Which brings us to the motion at hand. The creditor complains that it should not have to go through this indignity. The foregoing holding confirms that the creditor in fact does have to file a claim if it wishes to receive distribution under the plan. Moreover, it must file by a date certain, or face disallowance of its claim. Here, the creditor missed the bar date, and the trustee has indicated her intention to seek disallowance of the claim on grounds of untimeliness.

May the secured creditor seek to file a claim late, after the bar date has run? Rule 3004 provides the answer. Only the trustee or the debtor have standing to a claim for a creditor who fails to file, and only the debtor or trustee have the ability to extend this time limit. See FED.R.BANKR.P., Rules 3002, 3003, 3004 (Clark, Boardman, Callaghan 1995-96 ed.). The secured creditor lacks standing to make such a request.

In this particular case, however, equity must intervene. Until this decision was rendered, the law in this area was unsettled, and this court had not ruled regarding the meaning of "timely" as that term is used in new section 502(b) (9). Thus, the creditor could not have known for certain that it would in fact have had to have filed a proof of claim by the deadline determined by this decision. It cannot, under the circumstances, be penalized for being late. Thus, the motion to allow late claim will, in this case, be granted, though with the cautionary note that, with the entry of this decision, any further such requests would have to be denied (save and except for those rare circumstances in which due process concerns intervene).



[1] Typically, plans will provide that unsecured creditors will be paid whatever percentage results from application of the plan payments to the total of unsecured claims ultimately filed. The recommendation concerning claims thus serves as an integral part of the plan process.

[2] Secured creditors do not have standing to seek modification of plans. See 11 U.S.C. § 1329. Trustees have standing, but certainly have no specific duty to any particular creditor to seek modification on their behalf.
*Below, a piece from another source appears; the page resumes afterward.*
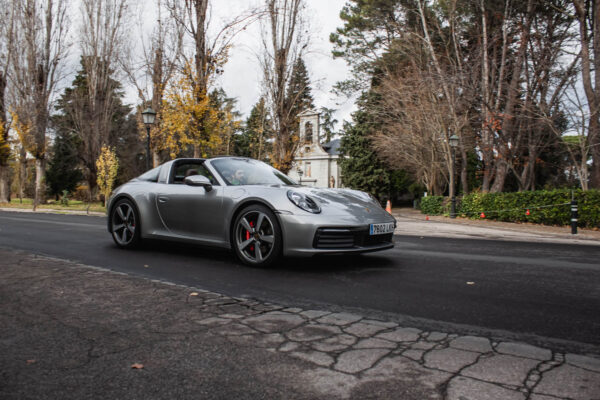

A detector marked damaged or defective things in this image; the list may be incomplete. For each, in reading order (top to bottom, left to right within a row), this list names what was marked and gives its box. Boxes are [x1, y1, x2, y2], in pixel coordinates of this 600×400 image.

cracked asphalt [1, 250, 600, 400] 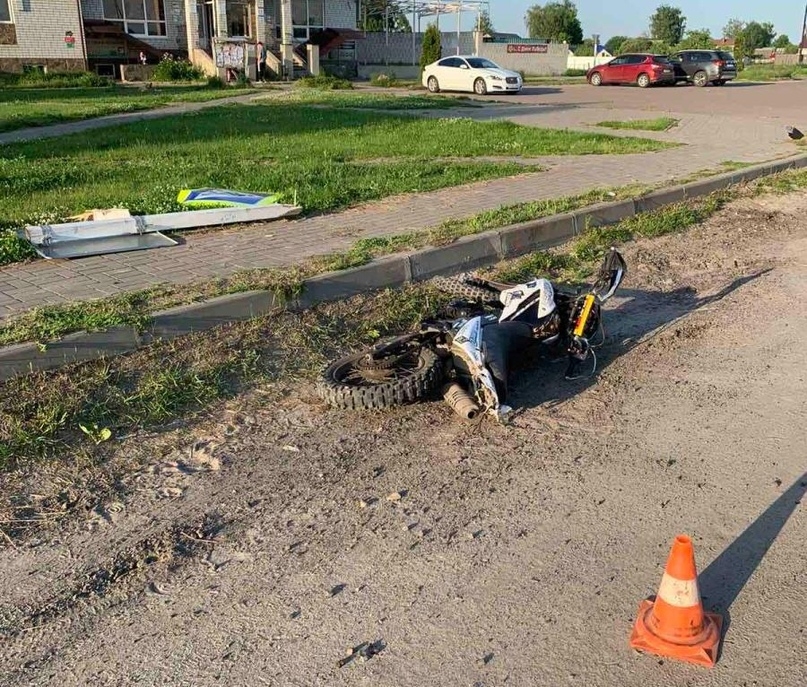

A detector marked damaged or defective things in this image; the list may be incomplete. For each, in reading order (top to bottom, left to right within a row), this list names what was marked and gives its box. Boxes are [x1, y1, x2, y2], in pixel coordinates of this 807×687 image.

crashed motorcycle [314, 247, 624, 420] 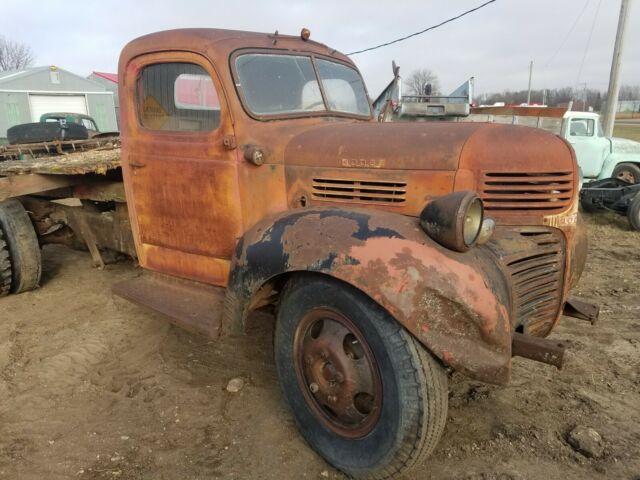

A trustee might nonetheless request modification to avoid inconsistencies between the plan and the allowed filed claim (and to avoid potential liability for permitting those inconsistencies to persist).

[3] One can see the beginnings of real mischief here. If the rule were that the trustee in receipt of a filed claim from a secured creditor, filed late in the case, were obligated to dismiss upon the receipt of such a claim to the extent that it varied from the terms of the plan, then secured creditors would happily employ such filings expressly to trigger dismissals.

[4] If the plan makes no provision for the secured creditor, and the plan fails to revest the property in the debtor upon confirmation (i.e., keeps all property in the estate for the duration of the case), then the secured creditor could be subject to the automatic stay for years, without payment. Such a creditor could justifiably maintain that it is not "adequately protected." 11 U.S.C. § 362(d) (1).

[5] It also confirms that a secured creditor cannot simply absent itself from the bankruptcy process in chapter 13, then hope to obtain easy relief from the automatic stay after confirmation. Such a creditor could hardly maintain that cause existed for relief from stay where the debtor had made provision for the creditor in the plan and only the creditor's refusal to file a claim prevented it from receiving the adequate protection that had been offered.

[6] Interestingly enough, the Fifth Circuit presumed that the bar date for filing unsecured claims set out in Rule 3002 ought to apply as well to secured claims. See Matter of Simmons, 765 F.2d, at 551. That is the same date as the date the court here adopts in this decision.

[7] Actually, a trustee cannot vary from the terms of a confirmed plan. If the trustee receives a claim at variance with the provisions of the plan, the trustee can (and in this division routinely does) move to modify the plan to account for the claim as filed (or as ultimately allowed, if it draws an objection). This keeps the trustee from being caught in a Hobson's choice.